Visualizing Monty-Hall problem

Today, I am going to write about the Monty-Hall problem simulation I ran programmatically. What is this Monty-Hall problem you may ask?

According to Wikipedia,

The Monty Hall problem is a brain teaser, in the form of a probability puzzle, loosely based on the American television game show Let's Make a Deal and named after its original host, Monty Hall. The problem was originally posed (and solved) in a letter by Steve Selvin to the American Statistician in 1975 (Selvin 1975a), (Selvin 1975b)

Let's look at the problem definition taken - again from Wikipedia,

Suppose you're on a game show, and you're given the choice of three doors: Behind one door is a car; behind the others, goats. You pick a door, say No. 1, and the host, who knows what's behind the doors, opens another door, say No. 3, which has a goat. He then says to you, "Do you want to pick door No. 2?" Is it to your advantage to switch your choice?

Looking at the problem description what do you think? Should you switch? Or the game show host is just trying to trick you into switching? However, as depicted with Simple Solution and more formal probabilistic proof, the probability of winning is 2/3 after switching as compared to non-switching.

Let's look at the outcome of simulation in two conditions

1. The probability of winning when no switch is made
2. The probability of winning when the choice is switched

1. The probability of winning when no switch is made

First, we will generate as much real situation as possible with random function and selection of choices,

Let's maintain an array of size 3 which will be initialized with all 0 values. Every index of this array indicates either goat or a car.

Value of 0 at index i indicates the presence of goat at door i. Similarly, the value of 1 at index i indicates the presence of car at door i. For this example, there will be exactly one car in the given array and rest of the positions will be filled by a goat.

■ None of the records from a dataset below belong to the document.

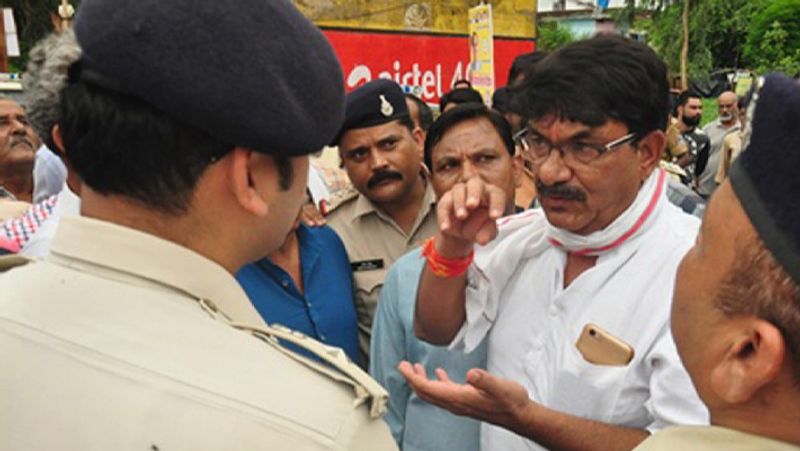 17 rebel MLAs of Congress, on whose own Scindia gave a shock to Congress KPB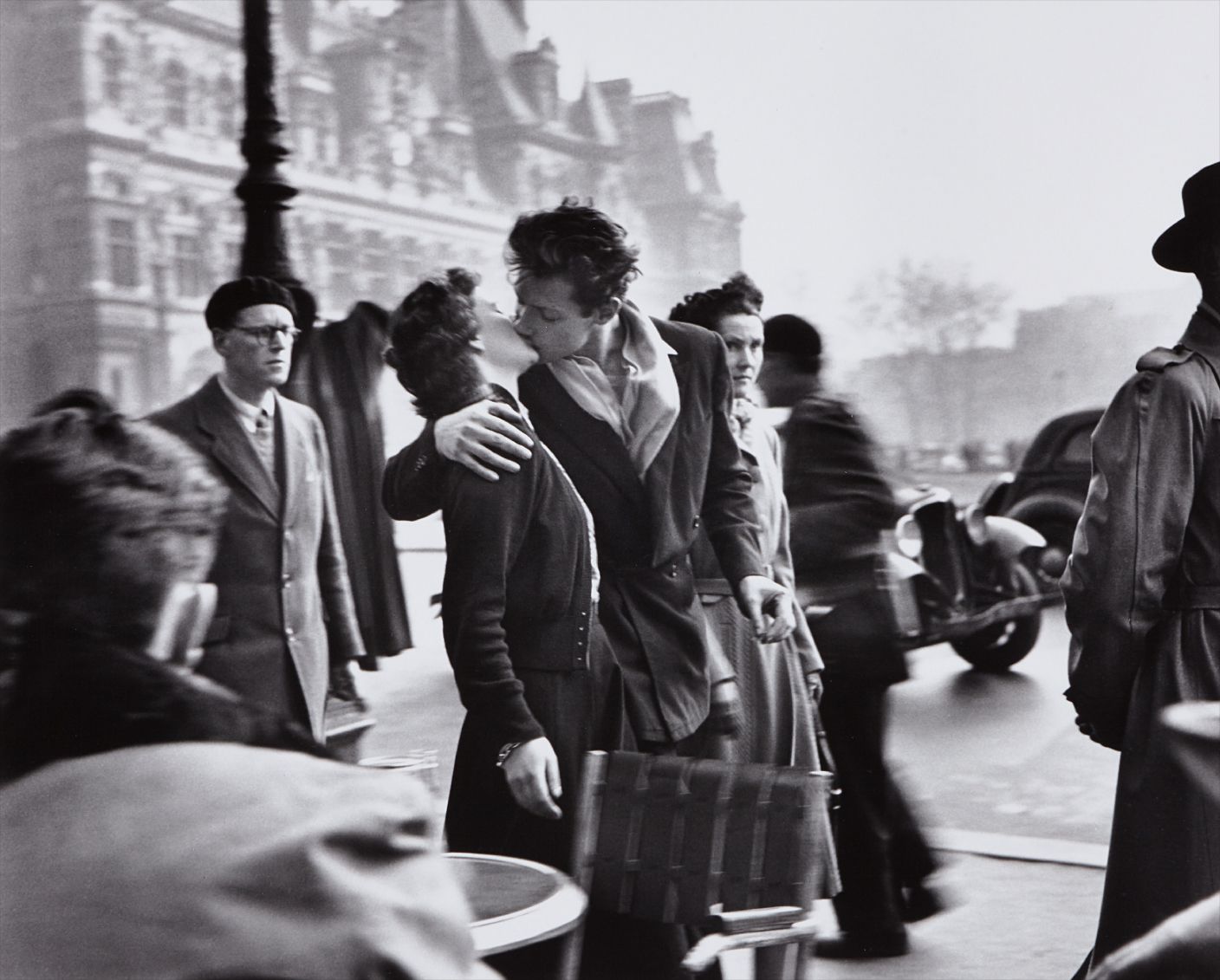 Robert Doisneau — Le baiser de l'Hôtel de Ville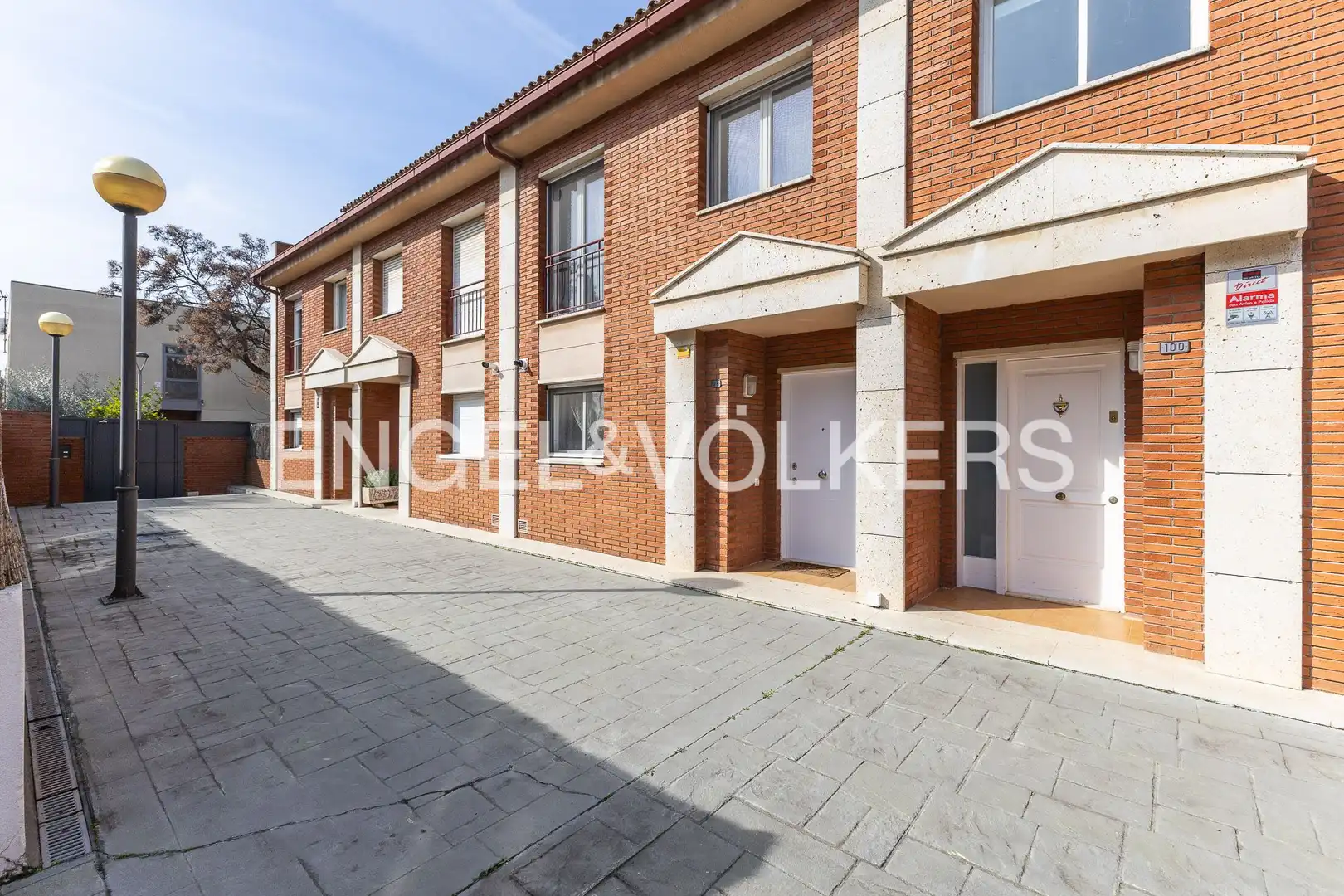 Exterior view of Houses for sale in Sant Cugat del Vallès  with Heating and Private garden
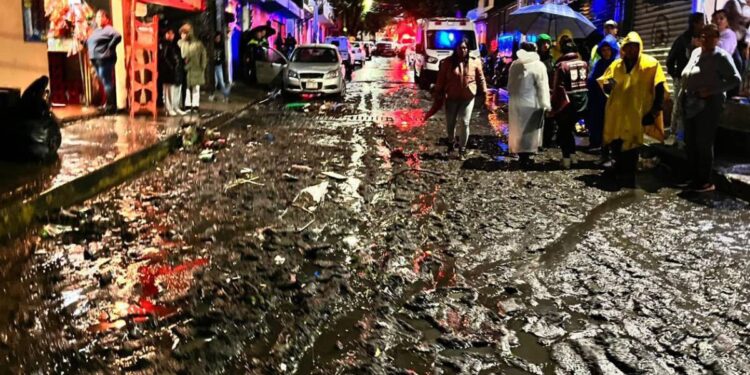 Decenas de familias afectadas en La Magdalena Contreras tras lluvia atípica, deja 59 casas afectadas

// Let's initialize it with all goats
var myDoors: [Int] = [0, 0, 0]

Next, we want to run this simulation several times. In this case, I will run this experiment 100 times to get a percentage of a win when no switch is made.

for _ in 0..<100 {
    // Simulation code goes here
}

Similar to the game show, we will generate a random number between and including 0 and 2. This represents where the car will be placed. The contestant is unaware of this position, but we know the host is.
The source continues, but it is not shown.